At the time of the administrative hearing, Plaintiff was forty-seven years (Tr. 50). She testified that she filed an application for disability benefits because her mom told her to file for "bipolar, depression, just arguing with people" (Tr. 40). She said that people had noticed a change in her behavior since 2007 (Tr. 38, 40). She described her symptoms as mad, angry, an attitude, and "just don't want to work" (Tr. 40). Plaintiff said she did not like having bosses, that she had a bad attitude with people, and that she "cuss[ed] people out" (Tr. 41). She described speaking to shadows in her room one week before the hearing (Tr. 50-51).
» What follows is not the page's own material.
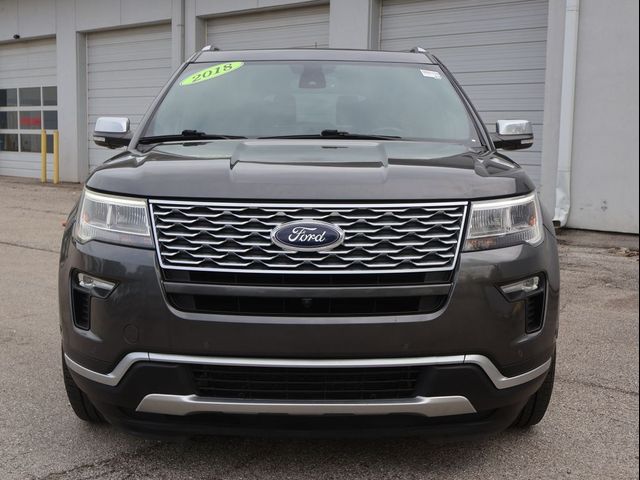 2018 Ford Explorer Platinum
Plaintiff stopped attending school in ninth grade, testifying that, "I couldn't learn in school. I had two kids at home and my mom watched them while I went to school. And I tried learning and that and just couldn't do it" (Tr. 53). She said she repeated ninth grade twice, and flunked either fourth or fifth grade (Tr. 62). Plaintiff reported that she was never tested for special education (Tr. 62). She was able to pass the test for her driver's license, but was unable to get her GED (Tr. 54-55). Plaintiff reported an ability to read books meant for three- or four-year-olds (Tr. 59). She also said she had no problems understanding her job when she worked (Tr. 64). Plaintiff has seven grown children and sixteen grandchildren (Tr. 56-57).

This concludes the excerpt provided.